Content starts

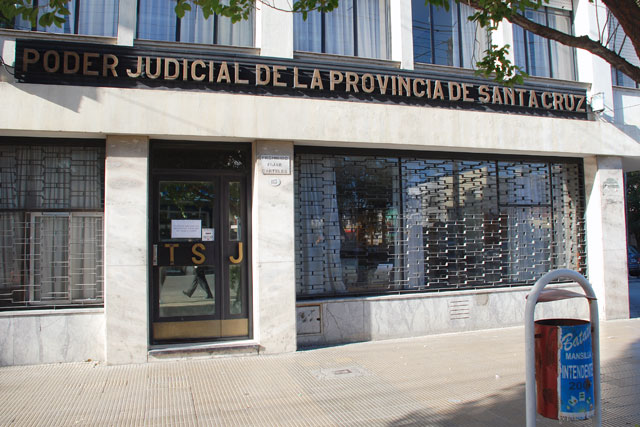 El STJ le quitó a la Jueza Betina Bustos de Río Turbio un Juzgado, le dejó el Penal, pero no arregló el problema de fondo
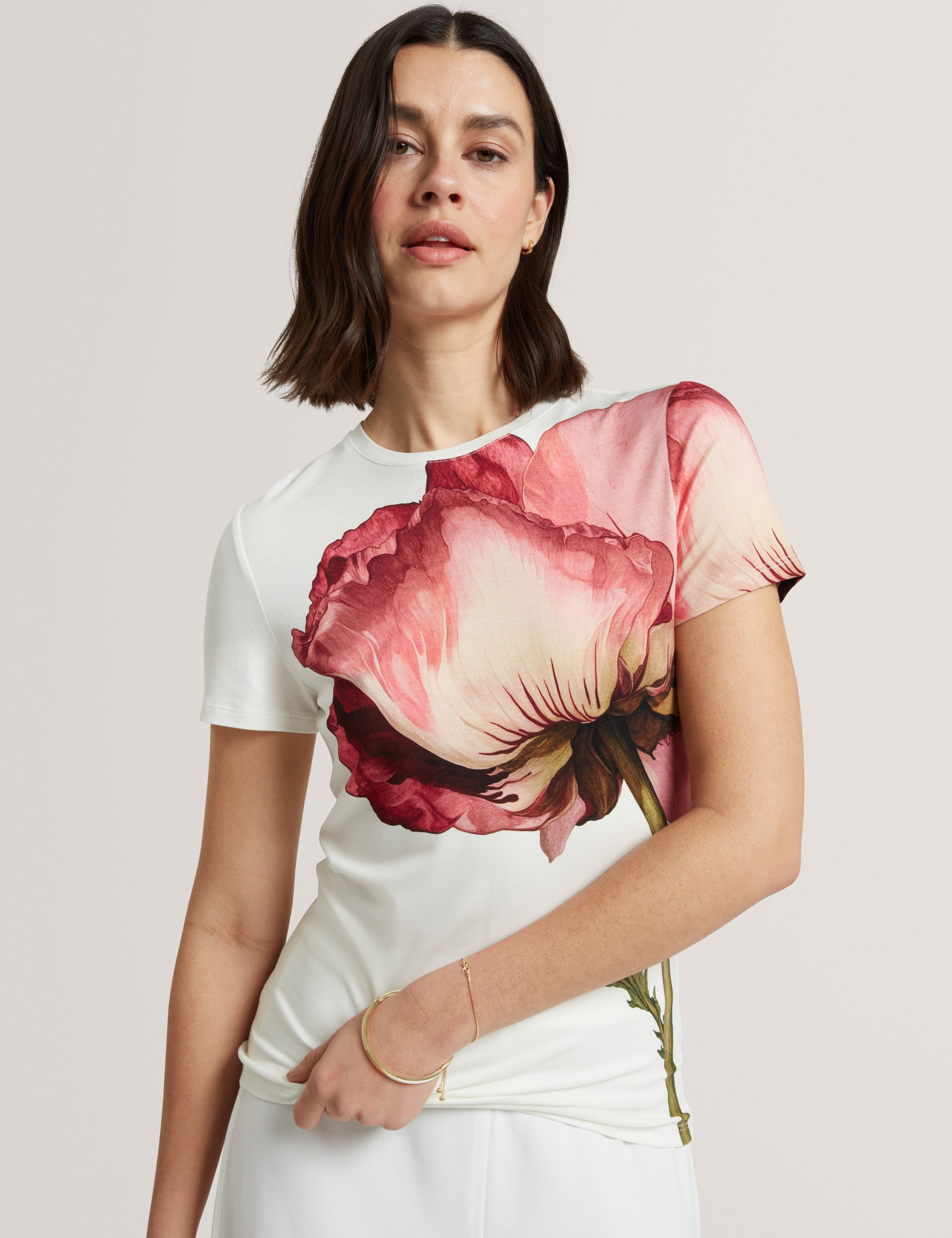 OBREY: Short Sleeve Printed Fitted Tee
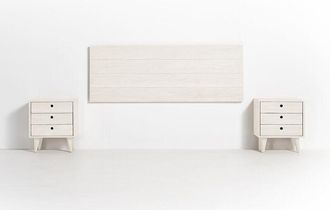 HOGAR 24 Cabecero Acabado Madera Maciza Natural + 2 Mesitas tres cajones Acabado Blanco. Medidas Cabecero: 155 x 60 x 2 cm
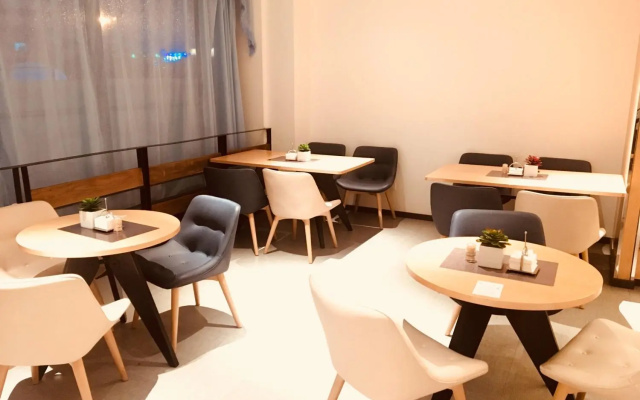 Hanting Hotel Shuozhou Minfu Dong Street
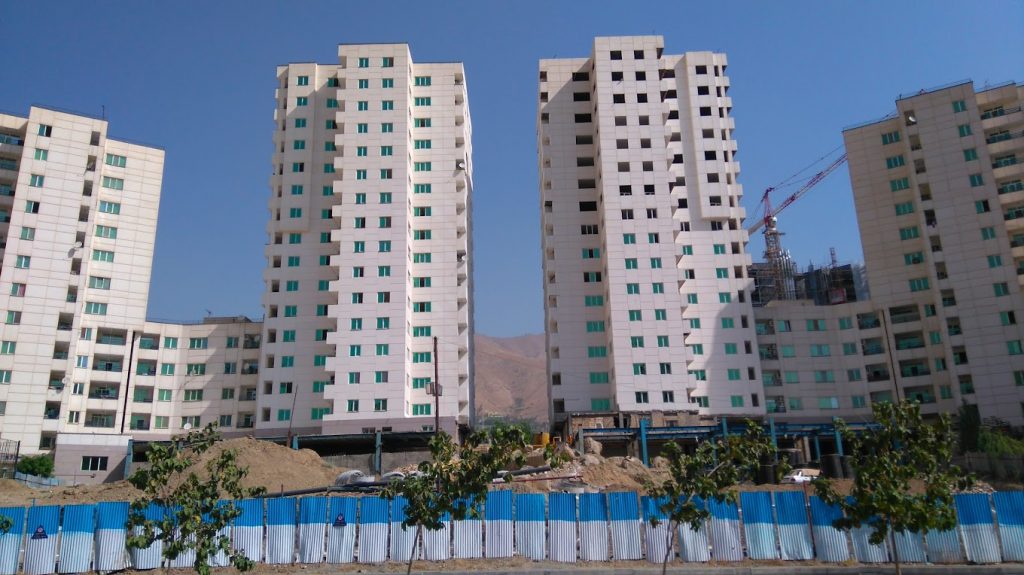 برج سروناز چیتگر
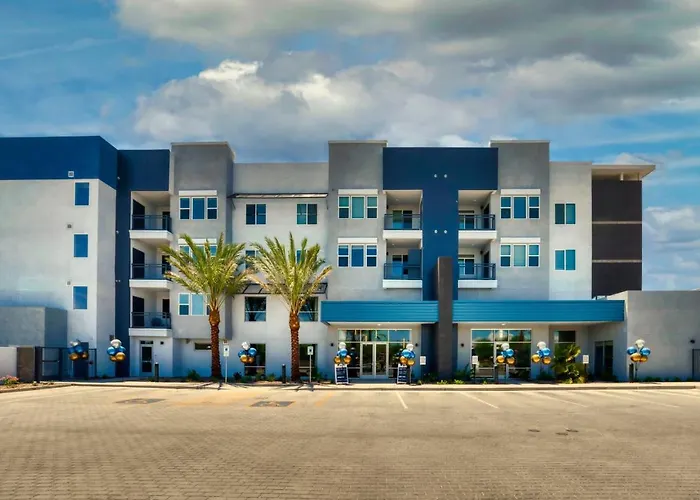 Stunning Westgate Cozysuites By Stadium With Pool 9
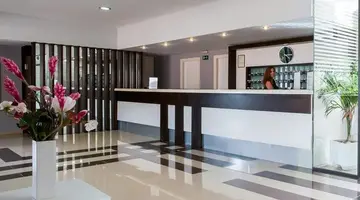 SUNRISE VILLAGE HOTEL
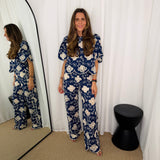 CONJUNTO BLUSA E CALÇAS AZUL BORDADOS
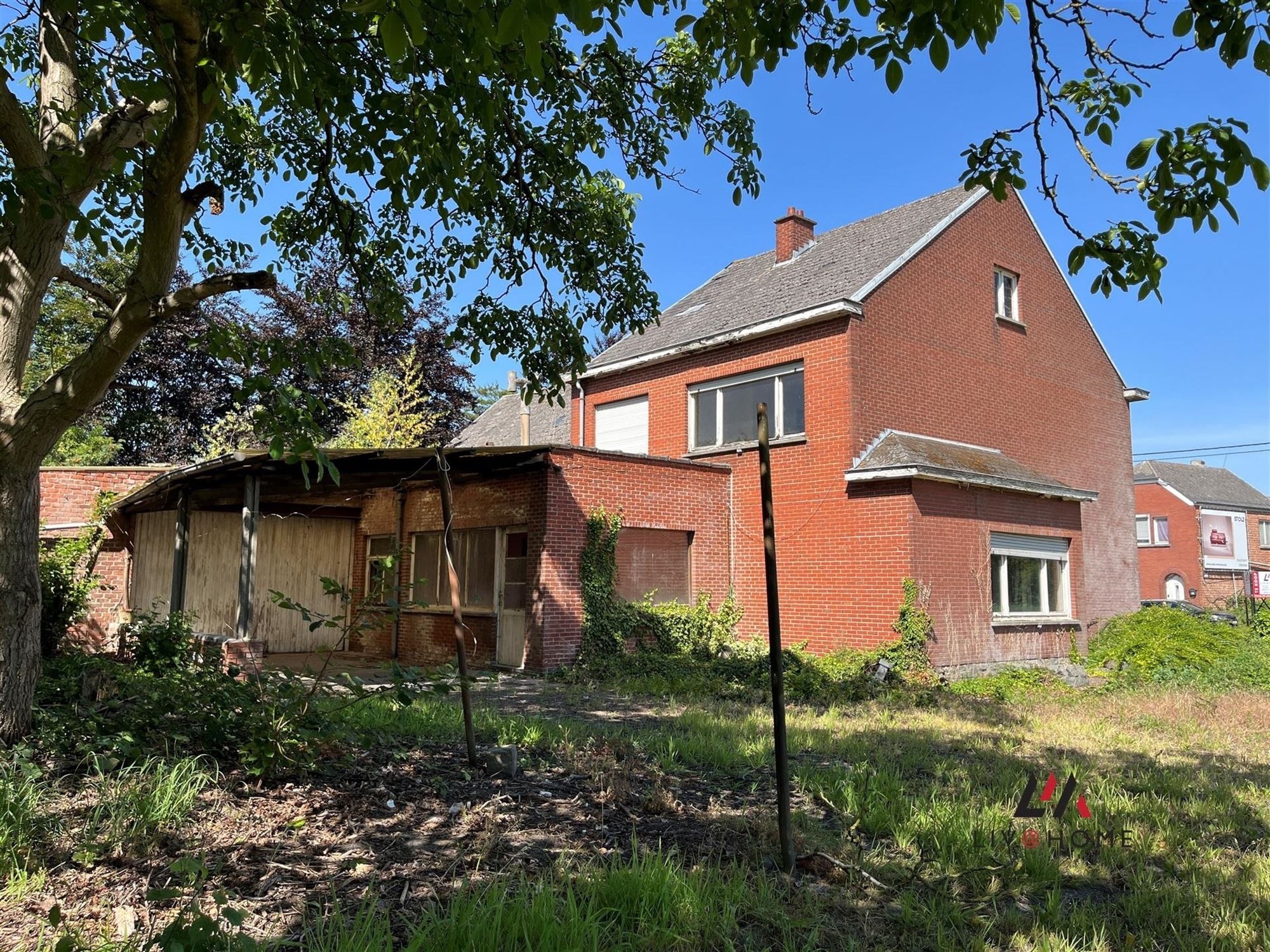 woning met 2,8 ha grond foto 6
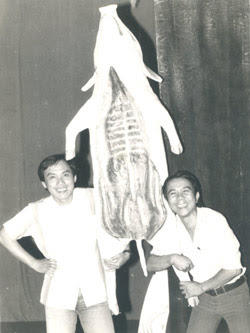 Lưu Quang Vũ (trái) và Doãn Châu tại hậu trường vở “Hồn Trương Ba, da hàng thịt".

Content ends

- _Work instructions_
Would you write out the material above in full, exactly as given, except for its pictures?

- _Result below_
 El STJ le quitó a la Jueza Betina Bustos de Río Turbio un Juzgado, le dejó el Penal, pero no arregló el problema de fondo
 OBREY: Short Sleeve Printed Fitted Tee
 HOGAR 24 Cabecero Acabado Madera Maciza Natural + 2 Mesitas tres cajones Acabado Blanco. Medidas Cabecero: 155 x 60 x 2 cm
 Hanting Hotel Shuozhou Minfu Dong Street
 برج سروناز چیتگر
 Stunning Westgate Cozysuites By Stadium With Pool 9
 SUNRISE VILLAGE HOTEL
 CONJUNTO BLUSA E CALÇAS AZUL BORDADOS
 woning met 2,8 ha grond foto 6
 Lưu Quang Vũ (trái) và Doãn Châu tại hậu trường vở “Hồn Trương Ba, da hàng thịt".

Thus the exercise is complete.